I have been introducing native plants into my yard for several years now. It has not been a smooth or easy road. At first I thought I had some native flowers already. But then further research showed that what I thought might be American bellflower (native) was actually European bellflower (non-native). And the wild phlox (native) turned out to be dames rocket (non-native). The bleeding hearts and lily of the valley are not native varieties either. Why is American versus European bellflower a problem? Don’t they fill the same niche in the ecosystem? Good questions.

The answer is no, they don’t fill the same niche. Just like monarch butterflies need native milkweed to survive, other insects that we don’t hear about need specific varieties of plants to survive. The native fauna is adapted to use the native flora and non-native species just don’t cut it. And, as it happens, European bellflower is invasive and will crowd out other plants. That further reduces the native plants available to native insects, birds and mammals.

So to create a viable ecosystem that supports butterflies, birds and native pollinators we need the real deal – native plants. But it is not simply a matter of throwing down native plant seed. I first had to undue some mistakes I made earlier by removing invasive plants that I had let go or even encouraged to grow. One of the hardest plants to eradicate is Bishop’s weed (Aegopodium podagraria) also known as Snow on the Mountain. It is a common ground cover and works well for that because it is invasive. I first tried to hoe it out of the area I was going to plant. Big mistake. A piece of stem as short as an inch can sprout a new plant. So after I hoed the area I had a fresh new crop of Bishop’s weed! The only way to control it is to remove the roots. So I went over the area shovelful by shovelful and removed the roots. A real learning experience, but it seems to be working in the small area where I planted native transplants. Next spring will show if I was successful.

I also removed hostas and orange daylilies with that technique. The roots of those plants are bigger so it was much easier to dig them out. Then after the weather cooled off in early winter I put down native plant seed mixes in the cleared areas. The seeds need freeze/thaw cycles to activate them so they will germinate in the spring. My hope is that by clearing the established invasive plants, the seed I put down will have a fighting chance to get going before the weeds move in.

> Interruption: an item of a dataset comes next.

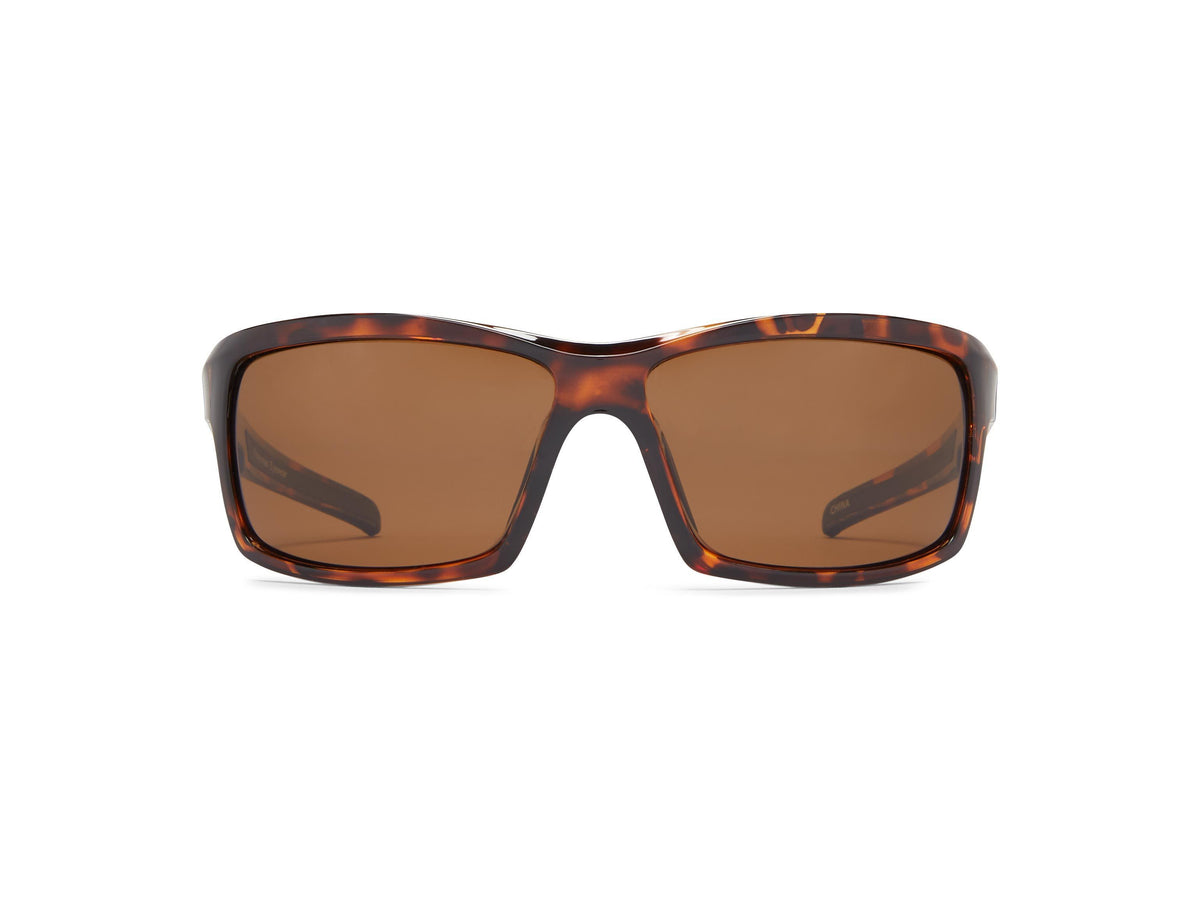 Marsh - Shiny Tortoise/Brown Lens - Polarized Sunglasses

The cleared areas include about 1000 square feet of the boulevard on the street. This will be my contribution to the Butterfly Boulevard that I envisioned one day while sitting on my patio under the Linden tree. I had been for a long walk through McKennan Park neighborhoods. I realized that I could walk for miles and the only native species I would see might be an ash or cottonwood tree. As I sat in the shade after my walk I saw one monarch butterfly checking out the milkweed. I used to see four or five at a time. It was then that I realized that the monarchs had to cross a food desert to get to my garden where there are plenty of chemical free plants for them.

So I’m planting native plants in my boulevard and my neighbor up the street already has native plants in his boulevard. Another neighbor a few blocks away has coneflowers and other natives in the boulevard as well. We have created a corridor of native plants in our neighborhood. If people all over town converted their boulevards to native plants, butterflies and native pollinators could travel across town and not miss a meal. It would be a food forest for pollinators. A Butterfly Boulevard.